Reiter notes that BK’s recent communications feature local teenage celebrities, suggesting its emphasis towards the younger crowd – students specifically.

“While it captures the younger audience with its purportedly catchy jingle and celebrity influence, it alienates the working adults and older segments, as seen through public comments that the ad campaign is too “ah beng””, adds Reiter.

Can the King regain its influence, or will it merely fall into the shadows?

Josh Grace, managing director, Leo Burnett Group Singapore

I don’t think Burger King really has a brand here. It has a name that is well known and a whole bunch of me-too products that it launches to compete against its competitors. But are they actually thinking about the customer?  I am not convinced.

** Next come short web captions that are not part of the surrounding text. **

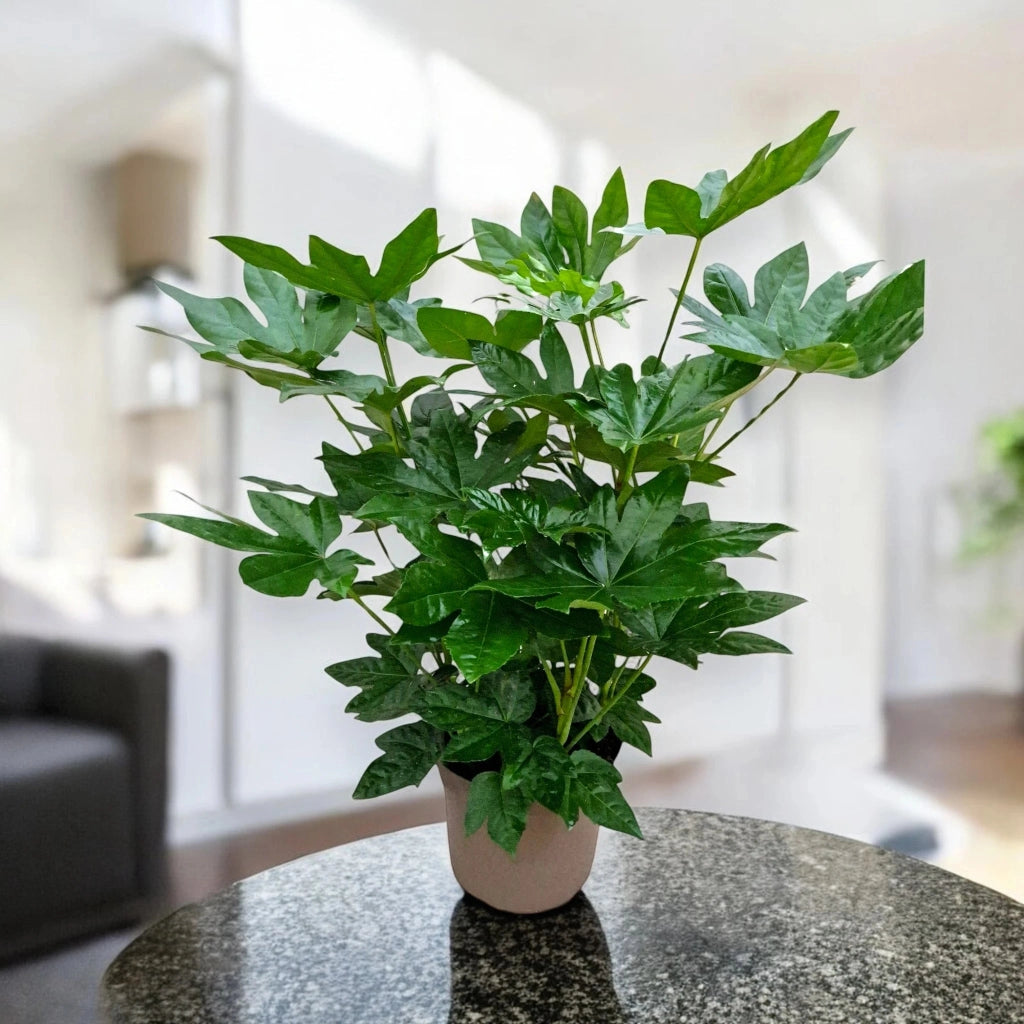 Gardenaria Fatsia japonica (Aralia) - Pianta da interno ornamentale Altezza: 70 cm (vaso 20)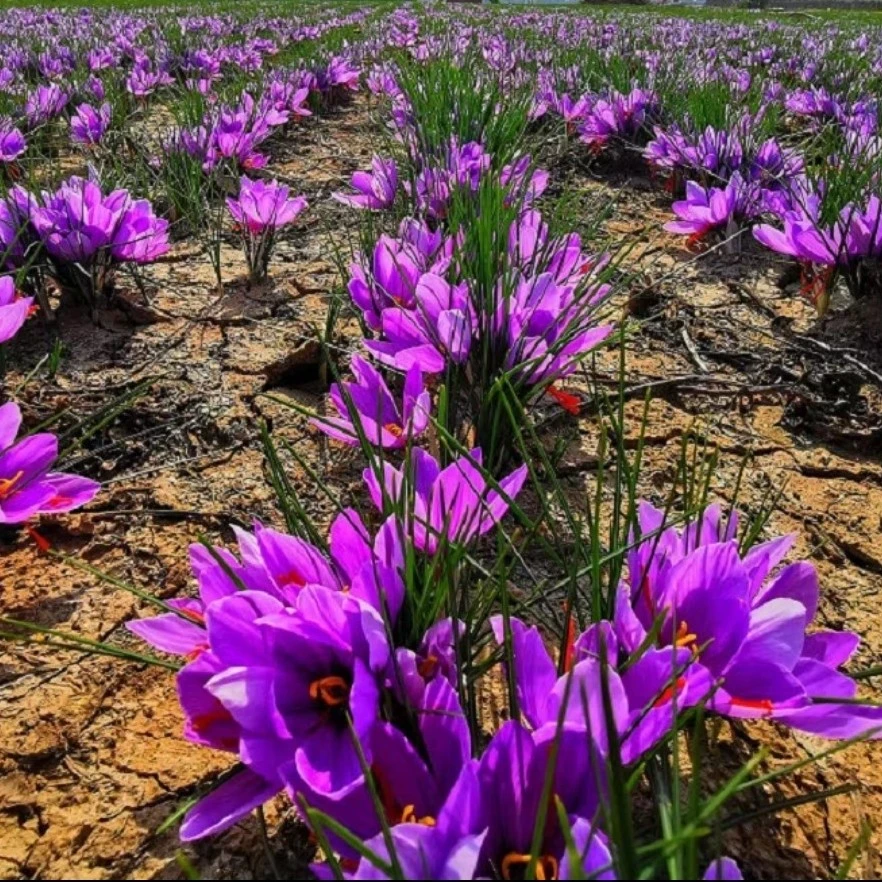 正宗藏红花高端种植种球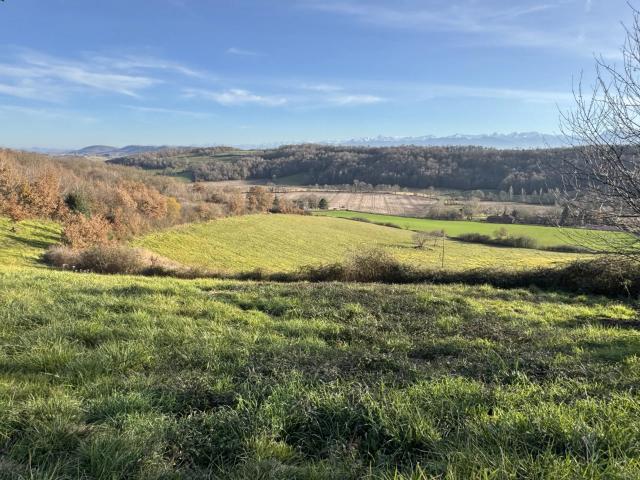 Domaine de 1776 avec 18.86 Ha 216m² Boulogne Sur Gesse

Their recent TV spot reeks of their marketing strategy just being converted into a rap. Is the ‘strategy rap’ really the best we can do to connect with Gen Y and the millennials in Singapore? Singaporeans are one of the most tech-savvy, globally-connected people with access to the best content from around the world. We have to step it up if we want to connect with them.

A quick trip to their Facebook page and you will mostly see products being pushed with price points. Sure, everyone loves a great deal, but in this category all these deals blend into obscurity. In fact it seems from the comments that their page is just turning into a complaints hotline. Why would this strategy drive any loyalty over any of Burger Kings competitors?

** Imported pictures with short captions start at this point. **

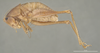 CollectionObject 1593807; a9000780-c3c0-4d1a-9895-19e4246dfe18: Male, lateral view (holotype). (CollectionObject).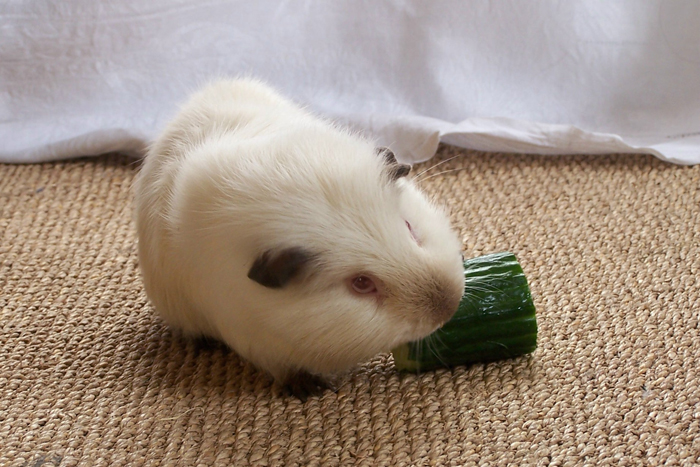 GuineaPig07.jpg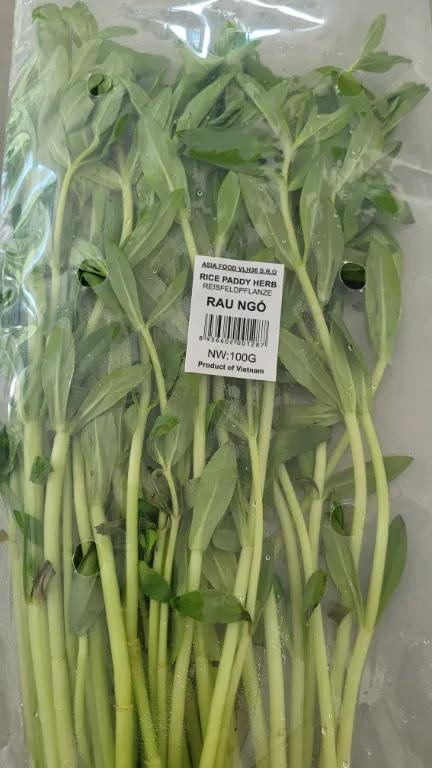 Rau Ngổ 100G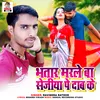 About Bhatar Marle Ba Sejiya Pe Dab Ke Song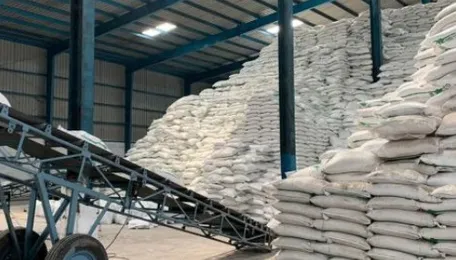 International sugar prices likely to rise in short term: Robin Shaw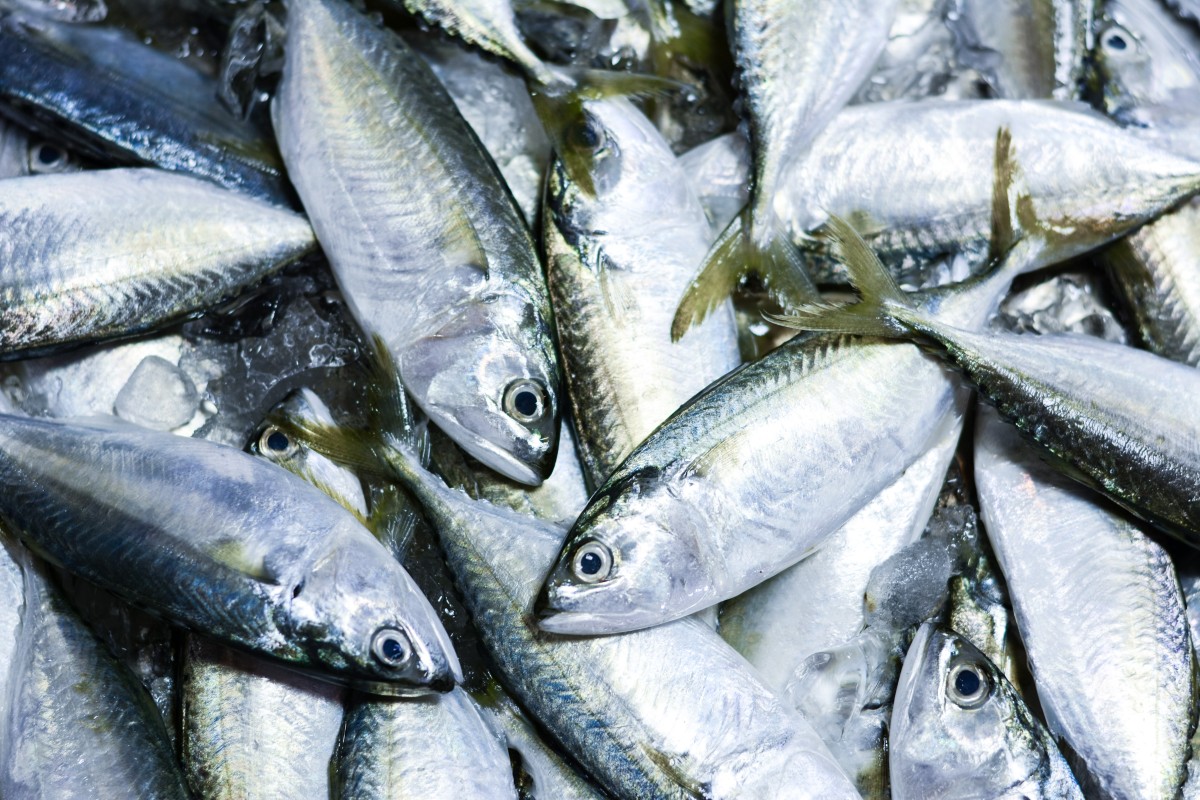 مجلة كل الأسرة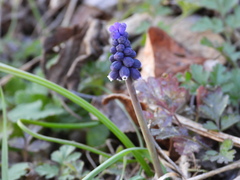 Muscari neglectum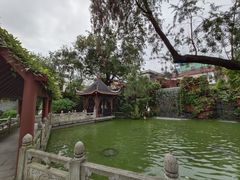 -碧江金楼
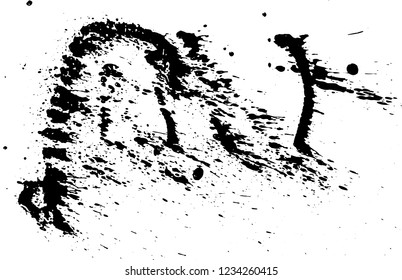 Ink grunge drops texture. Black hand drawn splashes and stains on white background.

If Burger King wants a brand, instead of just a well-known name, they have to take a good hard look at themselves. Stop the short-termism – the focus just on price.

Grace’s Guard

–            Find out what role they play in people’s lives. They certainly can’t compete on the personal relationship front, so how are they going to connect more meaningfully with the customers?

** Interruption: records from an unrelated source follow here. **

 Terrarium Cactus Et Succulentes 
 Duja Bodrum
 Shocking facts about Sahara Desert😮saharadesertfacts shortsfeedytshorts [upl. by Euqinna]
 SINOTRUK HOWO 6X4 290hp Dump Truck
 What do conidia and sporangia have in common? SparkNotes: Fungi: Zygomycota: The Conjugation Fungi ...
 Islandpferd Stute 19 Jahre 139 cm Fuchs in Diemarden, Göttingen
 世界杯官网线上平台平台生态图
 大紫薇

–            Create a bigger brand purpose and wrap it with an overarching idea that is truly engaging – use this idea to tie all the limited time only menu items together. Each piece of work then builds Burger King a brand for the long-term.

–            But most importantly, be brave with your creativity. It’s the only real competitive advantage any of us have left.

Sarah Reiter,  President APAC, FutureBrand

BK recedes in the shadows of McDonald’s monolithic eclipse. It simply struggles to meaningfully connect with Singaporeans through the wash of McDonald’s communications. The obvious and incorrect assumption would be that BK needs better communications campaigns and creatives. But this is not true.  This failed BK brand building program (and thus market share) in Singapore lies at the heart of the brand – BK’s soul – the idea BK stands for and its brand positioning. Its failure is further amplified by poor communication channel mix, outdated engagement and a brand experience, which ironically disenfranchises consumers.

In contrast, McDonald’s soul and brand positioning taps into the acknowledged trend among working professionals and young adults in Singapore for “healthy food”. Being more educated and informed, this particular crowd, with a higher purchasing power, often prefers “eating healthy” to taste.

To capture them, McDonald’s, in comparison to BK’s lurching brand positioning, targets hard with a focused idea and offer: has a refreshed menu that caters to a healthier diet, and has built its brand engagement around encouraging a healthier lifestyle.

McDonald’s approach, coupled with its existing high brand equity, makes it is easy to understand why BK has yet to win the battle in becoming the first-choice of fast-food among most Singaporeans.

BK should refocus its strategy and look to what its customers really need or want, recognising if the taste, price, or image is more important, and improve the quality of its offerings across its product, environment and brand experience.

Also, although there is much to improve in terms of product and customer experience, simply improving what is advertised and what is actually offered would deliver immediate results.

Reiter’s Remedy

  • Understand what BK wants to offer to the Asian consumer
  • Improve quality of product offerings
  • Build the product offering and consumer experience around it in contemporary ways and BK could outperform McDonalds.